‘It’s a Proud Moment’: Stella McCartney on Returning to Collaborate With H&M, 20 Years Later
The reason for the comprehensive offering with H&M (and for including so many of her greatest hits) is also because, as McCartney puts it, “I’m not an elitist designer, and I’ve always really struggled with the fact that the majority of people who love my stuff can’t get my stuff because of the price point.” Plus, the ability to bring the lessons she’s learned from working on her own brand to fashion houses working at a bigger scale—hence her strategic alliances with multiple luxury conglomerates—has always excited her. “Obviously, when you’re working with the finest materials, you’re working with innovators, you’re growing mushrooms in labs, the price points are higher,” she continues. “But my goal is to infiltrate from within, and to show people that they can work this way. Why do you think I went into bed with Kering and LVMH? It’s like, if I can do this, you can do it. I feel like I’m almost like a research lab to show people that you can do this, at every level.”
Indeed, what is most astonishing—as H&M’s top creative advisor and designer whisperer Ann-Sofie Johansson tells me while leafing through the racks of clothes before McCartney’s arrival—is the level of care that has gone into making every piece as responsibly manufactured as it can possibly be. There are labels proudly displayed next to every piece that outline the materials used—organic cotton and silk, circular viscose, wool sourced from farms with strict animal welfare guidelines, textiles made from recycled feedstock—as well as information on the various innovative fabrics and techniques they tapped to make it all. “We have a third-party certification on many of them, so it’s not like we’re just saying it,” Johansson notes. “We work with a whole range of different outside organizations for that.”

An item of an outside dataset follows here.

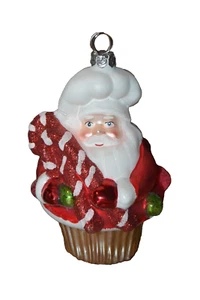 Babbo Natale in vetro per cupcake ornamento - Foto 1 di 3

Photo: Sam Rock / Courtesy of H&M
Photo: Sam Rock / Courtesy of H&M
It would be easy to dismiss the efforts of a retail giant like H&M—whose business model, some would argue, is fundamentally incompatible with sustainable principles—to do all this. But at a moment when a vast number of brands have rolled back their sustainability efforts (many for political reasons), it’s cheering to see a retailer double down on those efforts: Alongside the collaboration, H&M is launching an Insights Board with McCartney to further that conversation, and by 2030, its target is to be using 100% recycled or sustainably sourced materials. “We have some tough goals, but we’re continuing with our goals in a very transparent way, and we’re trying to make it as big as possible,” says Johansson of applying the lessons learned through their partnership with McCartney to the brand’s projects more widely. “Some of the things are harder to scale, but we can apply it, of course, to more of our collections. That is usually how it works for us: We do it for a smaller, more limited [offering], and then we can scale it up.”
As for how McCartney sees it: “The reason for me to do it is to go, okay, let’s start a conversation,” she says. “Yes, this is fast fashion: it’s not perfect. Often, it’s shit, but we can make it less shit—sorry for my language. We can make positive progress. It can be better. That makes me so excited.”